Brief descriptive captions:
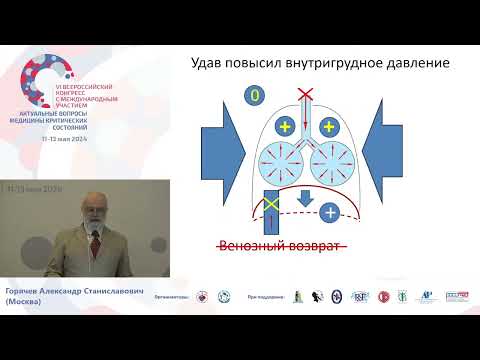 Видео: Кардио респираторное взаимодействие пациента на ИВЛ Горячев А.С.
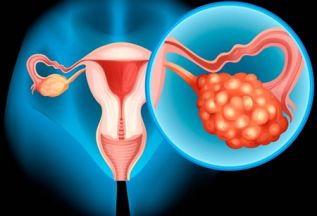 El cáncer de ovario es el cáncer ginecológico más letal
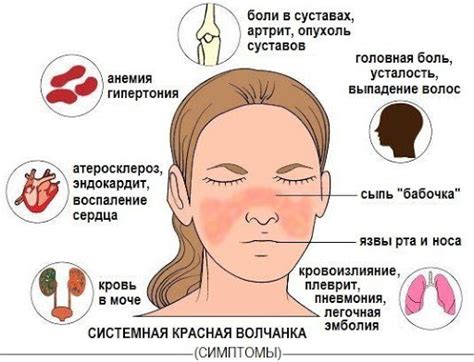 Основные симптомы системной красной волчанки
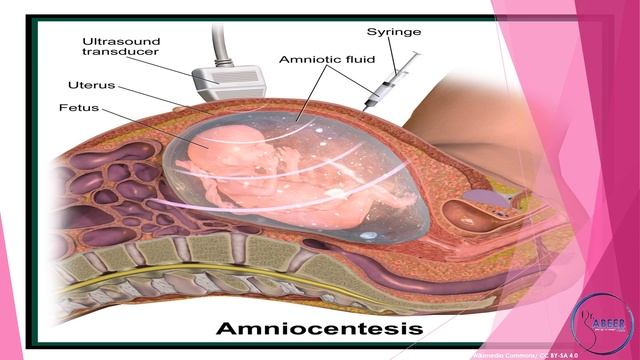 RCOG GUIDELINE AMNIOCENTESIS AND CVS Part 1 смотреть онлайн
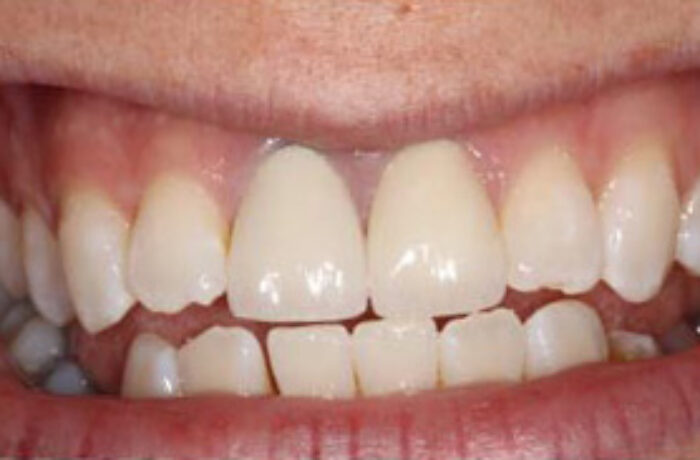 Before - Cheadle Hulme Dental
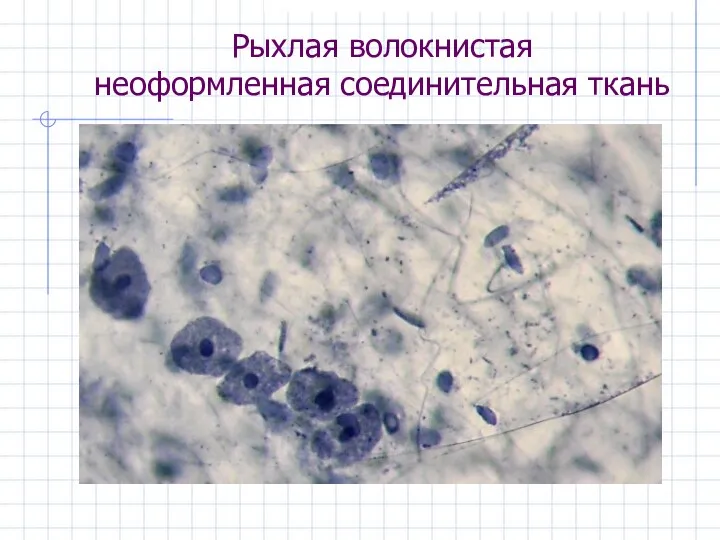 Рыхлая волокнистая неоформленная соединительная ткань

Your goal:
Without the pictures, reproduce every record exactly as it appears above.

Exercise answer:
 Видео: Кардио респираторное взаимодействие пациента на ИВЛ Горячев А.С.
 El cáncer de ovario es el cáncer ginecológico más letal
 Основные симптомы системной красной волчанки
 RCOG GUIDELINE AMNIOCENTESIS AND CVS Part 1 смотреть онлайн
 Before - Cheadle Hulme Dental
 Рыхлая волокнистая неоформленная соединительная ткань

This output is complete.